• _Material to process_
◆ ◆ ◆ ◆ ◆
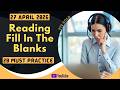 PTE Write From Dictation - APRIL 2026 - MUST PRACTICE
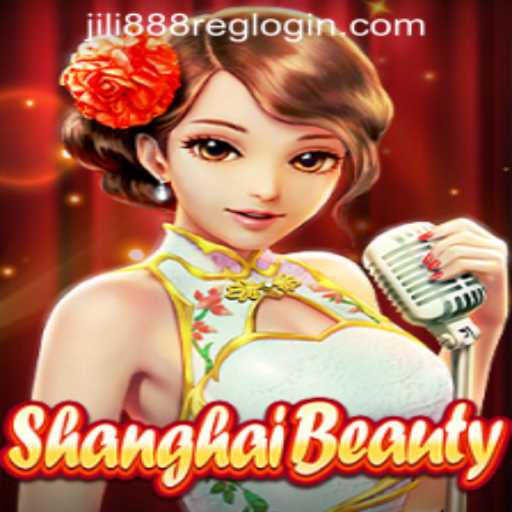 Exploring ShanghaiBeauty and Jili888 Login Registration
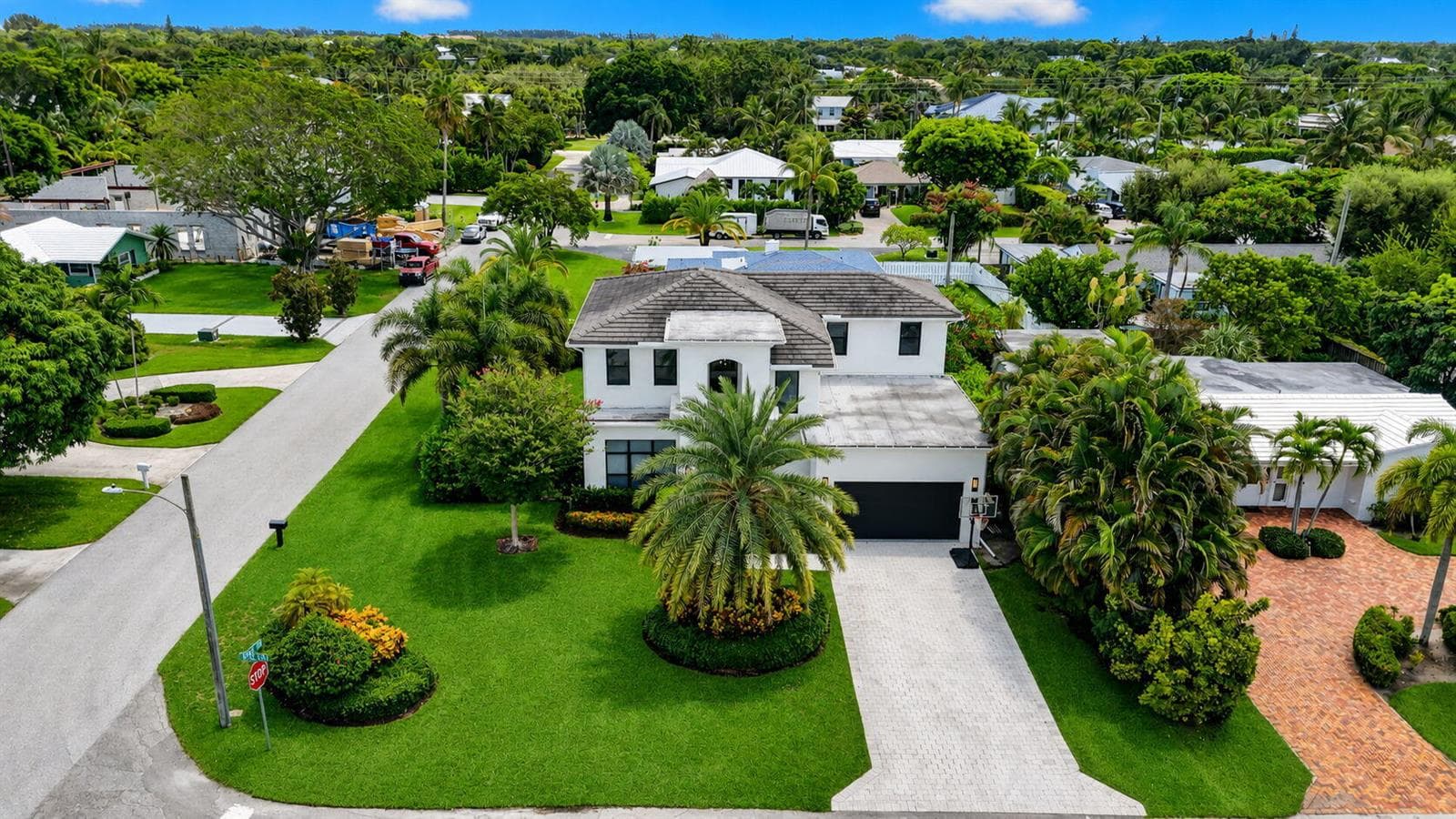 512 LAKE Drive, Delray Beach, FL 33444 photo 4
◆ ◆ ◆ ◆ ◆
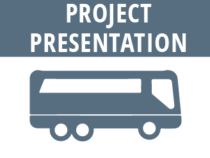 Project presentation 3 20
◆ ◆ ◆ ◆ ◆
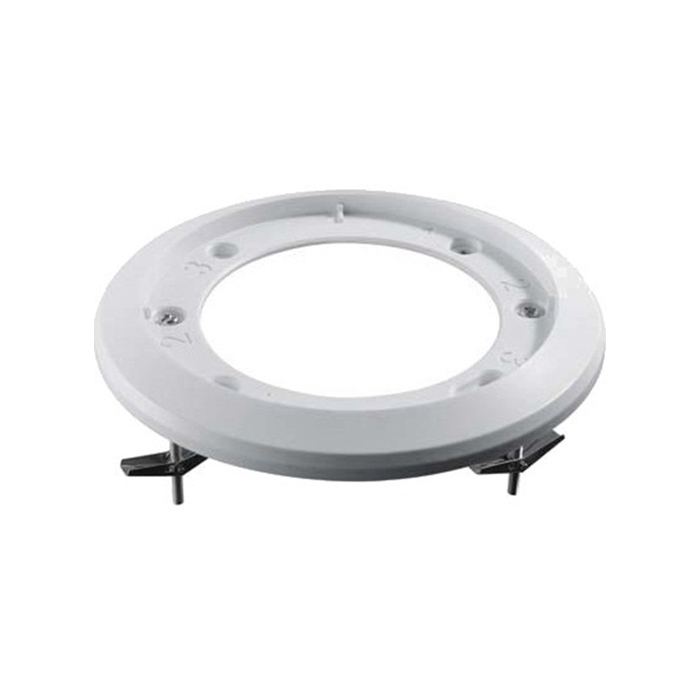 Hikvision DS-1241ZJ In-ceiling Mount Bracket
◆ ◆ ◆ ◆ ◆
• _Task requirements_
Write out, word for word, the stretch of entries that begins at the line with "Exploring ShanghaiBeauty and" and ends at the line with "512 LAKE Drive, Delray". Pictures do not belong in it.

• _Reply_
 Exploring ShanghaiBeauty and Jili888 Login Registration
 512 LAKE Drive, Delray Beach, FL 33444 photo 4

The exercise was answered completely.